Resultantly, you can be as 'veteran' as you like and still not get squat about how the system works, simply because you might have played the game for YEARS with a set of assumptions reinforced by your group and DM while not truly encountering how the system works. This guy spouting creds does little to instil in me a belief that he understands how these systems work, and his subsequent statements only take that further.
He claims that 3E had evolved in a distended fashion, and that 4E is somehow more 'elegant'. However, you're comparing apples and oranges! The amount of material we have for 4E (or rather, how little material) is what gives this illusion, not anything else. This so-called 'elegance' is termed 'lack of accessible material'. Give 4E five years, and see if you can still make these claims. As the article I linked indicates, the 'dumpster-diving' is very much ongoing, and, with any luck, those trained drunk monkeys in WotC's R&D department will give birth to another Pun-Pun in no time.
I have never accused 4E of being either dumbed-down or simplistic. In fact, it is MORE complex than 3E ever was. The good options are even more hidden than they were in 3E. As an example, Intimidate is the deadliest weapon in a 1st level adventurer's array of abilities. Seriously, by means of a single feat, maxing out my main stat, and picking the right race, a 1st level warlock can inflict effectively 17 or more points of damage on a d20 roll of 4 or more against a bloodied opponent. If this option had been printed as the at-will ability it is, there would have been cries of outrage. However, in fact, there weren't, because this is how DnD always has worked, and continues to work. If the 'elegance' that this man claims 4E possesses is making good options clear and discouraging the 'pile of rule supplements', it certainly fails at both ALREADY.
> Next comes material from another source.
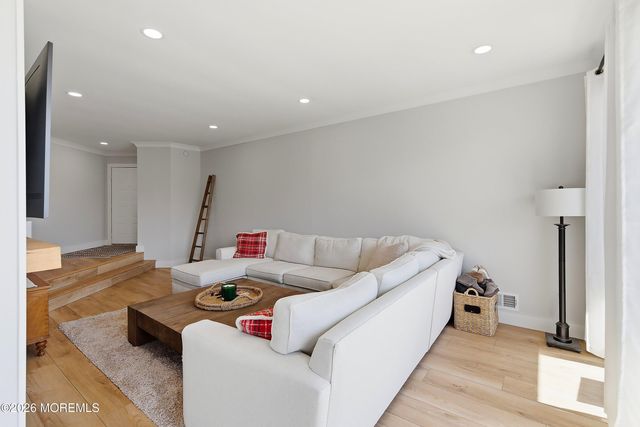 41 Hidden Harbor Drive, Point Pleasant, NJ 08742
In order to reinforce my point further, I deeply encourage people to read the guide to clerics in my sig. Veekie and I, with notable assistance from DemonLord57, have spent weeks going through all the stuff required to be useful. Yes, not good. USEFUL. 4E requires GREATER levels of optimisation to avoid totally sucking. While 3E could at least mitigate this craziness to some extent, in 4E, if you don't opt using high-level theory, you simply suck at what you do, and reduce combats to long slogs of circle-sucking. Locating optimal options no longer requires optimising as a character - it requires optimising your own party, and far, far further than 3E ever called for. Quite honestly, the levels of dumpster-diving and number-processing required to make an efficient (not optimal - efficient) character in 4E exceed 3E by several orders of magnitude.
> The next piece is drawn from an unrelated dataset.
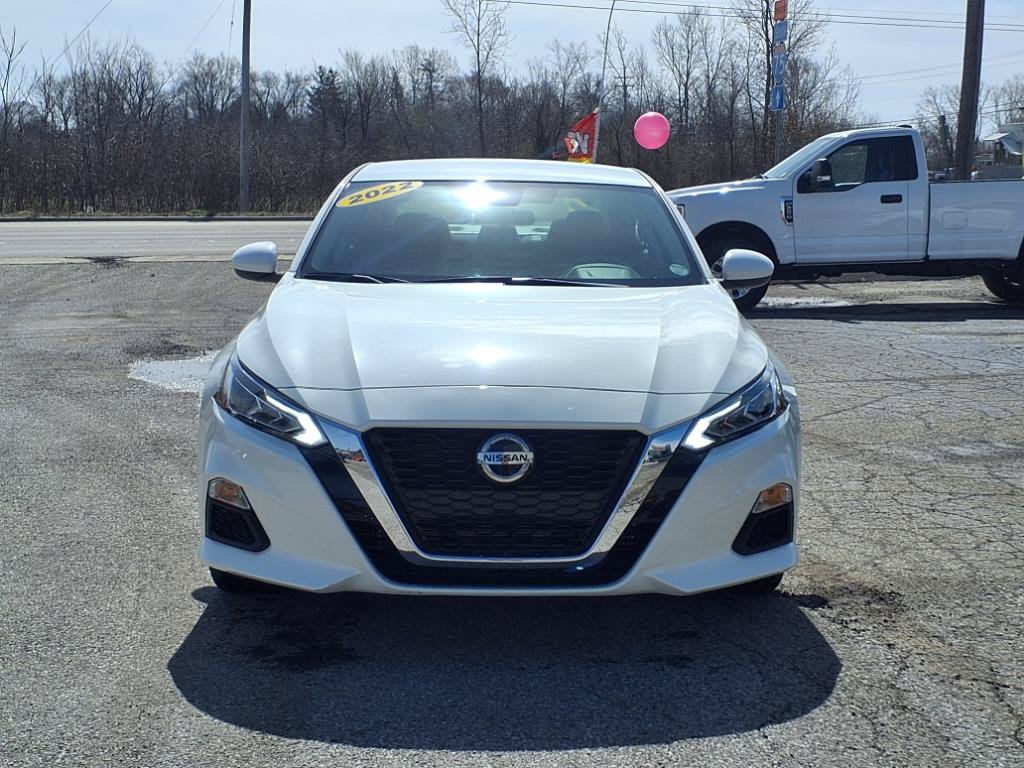 Used 2022 Nissan Altima 2.5 SV AWD/4WD image 2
Furthermore, 4E's systems are not elegant at all. Classes frequently do not fall into the roles they are described at all (the warlock, for instance, is not a striker at all, despite all attempts to be such), subsystems within the game totally fail (the skill challenge rules, which actually discourage teamwork and increase the own-suck dichotomy), some options are so ridiculous that there is no reason NOT to take them (divine whoracle, I'm looking at you), and in general, it is still easily possible to push an optimal character right off the RNG without even trying very hard. To add to this, the disconnect between crunch and fluff in 4E is greater than it ever has been, and as a result, flavour builds get hurt more, whereas the opts who work mechanics-up get more advantages than ever. Furthermore, the system is pervasive with sameness - everything seems to operate identically, and the variation in effects is so minor as to be irrelevant. Toss in the fact that solo monsters as written as insanely, terribly stupid and require combat tedium into irrelevance, and perhaps you can see that no, 4E is not elegant.
Now, I don't want to devolve this into a rant, so if you would like to address this, Alpha, please open another thread, preferably not on this sub-forum, where we can discuss this without derailment.